She desperately takes a job with shady “Market, Research, Incorporated,” run by a guy named Bob. Readers already know that ever since college, Bob has been affiliated with the elite sons of secret societies (he imagines himself a “press secretary”) and that the Flood was a deliberate event, not a caprice of nature. The catastrophe gave a small cabal such control over the government that the group is able to appoint a shoe as a senator. But Bob typifies the second-generation conspirators, who are stupid, illiterate, drug-taking, frat-boy louts. In between sexually misusing his employees, testicle-obsessed Bob is as amazed as anyone to learn that the Flood never afflicted the world beyond mid-Atlantic America. Then he is sent to South Africa to complete the conspirators’ program with a nice-guy subordinate named John and Bob’s personal assistant (with benefits), Alice. Bob and Alice learn the sinister next step in the plan is no mere power grab by secret societies but something cosmically huge.
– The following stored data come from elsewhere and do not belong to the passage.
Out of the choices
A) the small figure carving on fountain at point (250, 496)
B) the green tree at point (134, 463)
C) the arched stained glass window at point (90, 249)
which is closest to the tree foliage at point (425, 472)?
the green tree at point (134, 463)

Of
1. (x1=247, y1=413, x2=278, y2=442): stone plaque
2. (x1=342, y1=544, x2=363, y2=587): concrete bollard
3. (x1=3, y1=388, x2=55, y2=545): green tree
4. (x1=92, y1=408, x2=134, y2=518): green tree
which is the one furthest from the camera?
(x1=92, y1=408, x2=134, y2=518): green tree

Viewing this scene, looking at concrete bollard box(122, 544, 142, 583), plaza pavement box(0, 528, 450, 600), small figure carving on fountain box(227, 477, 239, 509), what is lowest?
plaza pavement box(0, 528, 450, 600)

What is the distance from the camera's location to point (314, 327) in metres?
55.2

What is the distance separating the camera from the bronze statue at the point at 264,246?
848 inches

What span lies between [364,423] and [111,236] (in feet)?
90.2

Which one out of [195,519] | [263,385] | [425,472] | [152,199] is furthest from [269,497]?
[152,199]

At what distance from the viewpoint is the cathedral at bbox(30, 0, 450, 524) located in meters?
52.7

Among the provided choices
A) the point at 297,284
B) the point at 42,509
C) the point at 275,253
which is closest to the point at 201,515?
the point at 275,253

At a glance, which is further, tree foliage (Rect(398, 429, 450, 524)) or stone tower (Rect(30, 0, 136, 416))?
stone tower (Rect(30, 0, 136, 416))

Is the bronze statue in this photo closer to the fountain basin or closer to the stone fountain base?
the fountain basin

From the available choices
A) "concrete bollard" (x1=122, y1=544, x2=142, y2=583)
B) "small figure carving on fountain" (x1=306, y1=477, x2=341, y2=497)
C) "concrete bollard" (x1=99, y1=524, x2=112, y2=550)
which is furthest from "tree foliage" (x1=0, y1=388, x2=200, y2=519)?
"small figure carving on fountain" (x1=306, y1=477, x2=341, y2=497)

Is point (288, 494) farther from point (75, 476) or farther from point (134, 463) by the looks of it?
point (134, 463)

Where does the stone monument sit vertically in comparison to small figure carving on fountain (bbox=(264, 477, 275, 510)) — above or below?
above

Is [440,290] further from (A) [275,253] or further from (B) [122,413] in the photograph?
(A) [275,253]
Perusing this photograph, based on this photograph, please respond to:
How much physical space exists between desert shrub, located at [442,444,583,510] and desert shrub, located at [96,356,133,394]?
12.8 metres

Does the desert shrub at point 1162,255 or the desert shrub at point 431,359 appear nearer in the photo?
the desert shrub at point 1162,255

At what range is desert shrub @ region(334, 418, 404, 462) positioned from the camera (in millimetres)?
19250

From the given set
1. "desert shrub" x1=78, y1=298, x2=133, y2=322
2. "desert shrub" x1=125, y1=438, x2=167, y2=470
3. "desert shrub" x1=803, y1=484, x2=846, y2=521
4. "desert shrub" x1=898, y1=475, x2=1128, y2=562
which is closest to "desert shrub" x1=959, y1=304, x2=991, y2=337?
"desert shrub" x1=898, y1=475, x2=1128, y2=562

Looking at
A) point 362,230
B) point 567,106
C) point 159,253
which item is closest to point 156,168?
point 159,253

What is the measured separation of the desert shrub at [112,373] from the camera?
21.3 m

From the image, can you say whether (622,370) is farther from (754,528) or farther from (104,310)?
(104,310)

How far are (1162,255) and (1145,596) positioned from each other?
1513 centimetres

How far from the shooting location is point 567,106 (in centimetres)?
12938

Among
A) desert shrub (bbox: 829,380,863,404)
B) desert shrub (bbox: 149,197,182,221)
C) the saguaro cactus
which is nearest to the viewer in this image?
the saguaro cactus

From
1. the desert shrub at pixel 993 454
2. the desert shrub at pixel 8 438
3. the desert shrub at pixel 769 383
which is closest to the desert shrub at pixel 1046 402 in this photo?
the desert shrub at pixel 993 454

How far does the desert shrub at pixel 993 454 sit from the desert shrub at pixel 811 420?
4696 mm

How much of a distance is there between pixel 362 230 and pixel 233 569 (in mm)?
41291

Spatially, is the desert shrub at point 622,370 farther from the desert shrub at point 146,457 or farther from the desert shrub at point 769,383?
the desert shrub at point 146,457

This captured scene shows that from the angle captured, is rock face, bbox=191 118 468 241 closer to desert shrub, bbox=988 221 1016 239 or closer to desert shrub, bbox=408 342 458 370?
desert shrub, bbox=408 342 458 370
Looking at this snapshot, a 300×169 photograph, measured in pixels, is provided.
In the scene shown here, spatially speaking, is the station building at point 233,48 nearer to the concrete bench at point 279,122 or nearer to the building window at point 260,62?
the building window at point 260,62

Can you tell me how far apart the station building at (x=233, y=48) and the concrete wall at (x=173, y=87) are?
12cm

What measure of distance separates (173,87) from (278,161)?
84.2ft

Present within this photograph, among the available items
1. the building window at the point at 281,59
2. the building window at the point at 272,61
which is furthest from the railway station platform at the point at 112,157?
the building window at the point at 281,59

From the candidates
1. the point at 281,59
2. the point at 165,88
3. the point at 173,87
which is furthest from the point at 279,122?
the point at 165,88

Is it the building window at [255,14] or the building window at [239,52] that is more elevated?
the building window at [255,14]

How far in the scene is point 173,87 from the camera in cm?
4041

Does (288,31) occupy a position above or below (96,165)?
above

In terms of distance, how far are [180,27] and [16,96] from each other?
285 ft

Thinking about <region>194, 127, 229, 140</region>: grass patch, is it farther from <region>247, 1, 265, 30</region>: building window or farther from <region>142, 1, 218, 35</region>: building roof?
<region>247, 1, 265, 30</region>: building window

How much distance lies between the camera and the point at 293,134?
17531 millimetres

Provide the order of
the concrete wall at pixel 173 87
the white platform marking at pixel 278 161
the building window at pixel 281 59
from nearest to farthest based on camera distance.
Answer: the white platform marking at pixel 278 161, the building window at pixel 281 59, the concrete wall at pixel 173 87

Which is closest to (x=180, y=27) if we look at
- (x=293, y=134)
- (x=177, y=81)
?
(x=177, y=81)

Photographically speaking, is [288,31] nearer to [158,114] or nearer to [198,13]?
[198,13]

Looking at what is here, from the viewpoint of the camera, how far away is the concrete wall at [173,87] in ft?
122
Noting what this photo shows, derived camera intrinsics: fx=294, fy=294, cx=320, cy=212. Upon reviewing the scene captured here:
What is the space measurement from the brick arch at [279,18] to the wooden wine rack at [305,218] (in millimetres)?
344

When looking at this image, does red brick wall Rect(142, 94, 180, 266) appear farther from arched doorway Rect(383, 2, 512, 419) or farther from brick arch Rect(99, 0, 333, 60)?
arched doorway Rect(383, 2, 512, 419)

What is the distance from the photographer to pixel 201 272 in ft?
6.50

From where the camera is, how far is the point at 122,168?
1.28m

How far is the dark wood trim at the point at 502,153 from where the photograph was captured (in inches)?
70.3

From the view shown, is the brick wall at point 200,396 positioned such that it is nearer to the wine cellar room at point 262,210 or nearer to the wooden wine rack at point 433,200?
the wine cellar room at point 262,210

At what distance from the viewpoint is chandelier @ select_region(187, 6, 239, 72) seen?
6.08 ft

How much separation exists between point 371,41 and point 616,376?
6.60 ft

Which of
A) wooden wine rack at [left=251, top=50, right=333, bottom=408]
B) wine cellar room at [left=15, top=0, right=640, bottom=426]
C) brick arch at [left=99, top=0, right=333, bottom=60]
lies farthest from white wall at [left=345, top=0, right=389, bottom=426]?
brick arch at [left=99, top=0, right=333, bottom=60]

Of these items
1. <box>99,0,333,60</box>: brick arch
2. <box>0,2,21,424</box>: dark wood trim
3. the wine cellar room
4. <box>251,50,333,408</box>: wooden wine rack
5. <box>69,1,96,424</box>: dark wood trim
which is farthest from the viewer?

In this ambitious, satirical tale, Pomerantz thankfully adopts a tongue-in-cheek tone. Bits of Dan Brown bestsellers plus some Christian apocalypse material, a dash of Philip K. Dick, and maybe a dollop of Terry Southern, the Marx Brothers, and the Three Stooges (in their darker moments) float through the author’s snarky narrative. The enjoyable story, according to an afterword, took the author about 24 years (and lots of coffee) to complete. The wacky, world-traveling, unhinged tale should tempt readers seeking the offbeat.

A madcap, singular SF satire of capitalist values and American dysfunction with cult potential.